TASK
Only the lines from the start of the data to the line containing "Summer Young Girls", both included, should be output, exactly and without pictures.

INFORMATION SUPPLIED
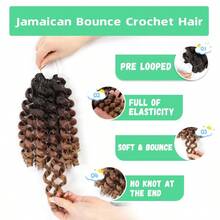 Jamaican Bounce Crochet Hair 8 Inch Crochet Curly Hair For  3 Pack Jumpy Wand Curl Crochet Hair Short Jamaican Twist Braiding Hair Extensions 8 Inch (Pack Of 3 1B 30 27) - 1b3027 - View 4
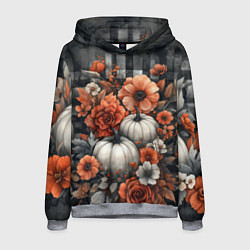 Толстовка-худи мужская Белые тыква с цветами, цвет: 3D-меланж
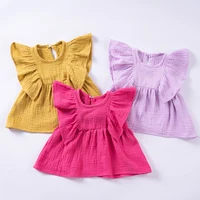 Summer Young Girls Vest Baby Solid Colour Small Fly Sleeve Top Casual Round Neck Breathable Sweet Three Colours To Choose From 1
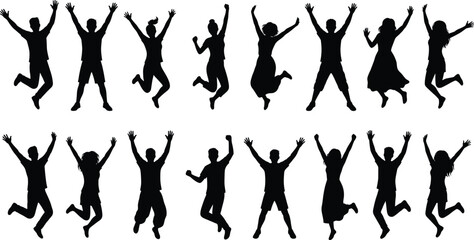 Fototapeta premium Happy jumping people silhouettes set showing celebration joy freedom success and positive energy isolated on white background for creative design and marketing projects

EXPECTED OUTPUT
 Jamaican Bounce Crochet Hair 8 Inch Crochet Curly Hair For  3 Pack Jumpy Wand Curl Crochet Hair Short Jamaican Twist Braiding Hair Extensions 8 Inch (Pack Of 3 1B 30 27) - 1b3027 - View 4
 Толстовка-худи мужская Белые тыква с цветами, цвет: 3D-меланж
 Summer Young Girls Vest Baby Solid Colour Small Fly Sleeve Top Casual Round Neck Breathable Sweet Three Colours To Choose From 1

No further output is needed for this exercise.